I was born in a farmer’s family in Kyoto, an old city in Japan. My family used to be almost self-sufficient. We mainly ate the leftover vegetables of eggplant and spinach that weren’t fit to be sold at the market because of flaws. We also planted rice and other vegetables such as onions, potatoes, carrots, radishes, burdocks and green peppers, not for sale but exclusively for our daily meals. We kept barnyard fowls that provided fresh eggs every morning. Our breakfasts and lunches were almost always row egg mixed with rice and soy sauce, pickled vegetables and too-weak miso soup.
A natural life may sound beautiful and relaxing, but it’s not in reality. Our fowls would holler screaming crows at dawn every day which would induce the clamorous barking of dogs in the neighborhood. Sometimes, one of our fowls that I named and fed every day like my pets was missing, and we had chicken on the table at dinner that evening. It took time for me to realize I was eating my pet fowl while I was worried about its whereabouts. Sometimes, I did witness my grandfather choked and plucked our fowl.
Since we didn’t have to buy vegetables, we had large servings at meals.

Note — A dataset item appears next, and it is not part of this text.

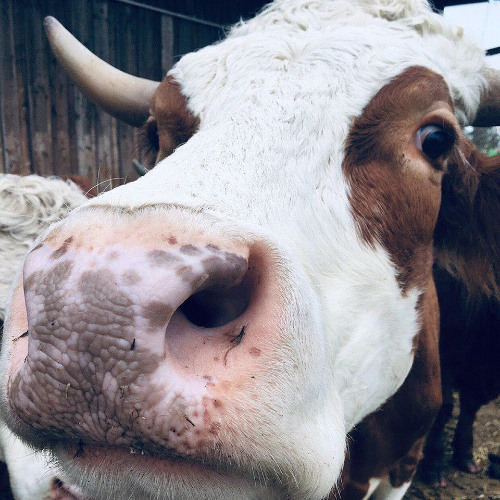 small kids techno (phaselimiter gui mastered)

Unfortunately, all vegetable meals of ours tasted horrible because we had to pay for seasonings or cooking oil and we were stingy enough to refrain them. Everything on our table was flavorless and bland. It never stimulated my appetite and I stayed skinny. As time passed, shops had been appearing in the rural area around our house. Also, my grandfather began to loosen his tight reign of the household and my mother had been able to have some discretion to go shopping and spend money. Our self-sufficiency was rapidly falling. Foods from outside tasted awesome. My appetite finally came out of its long hibernation. I was hooked by ham and mayonnaise in particular, and became chubby in no time.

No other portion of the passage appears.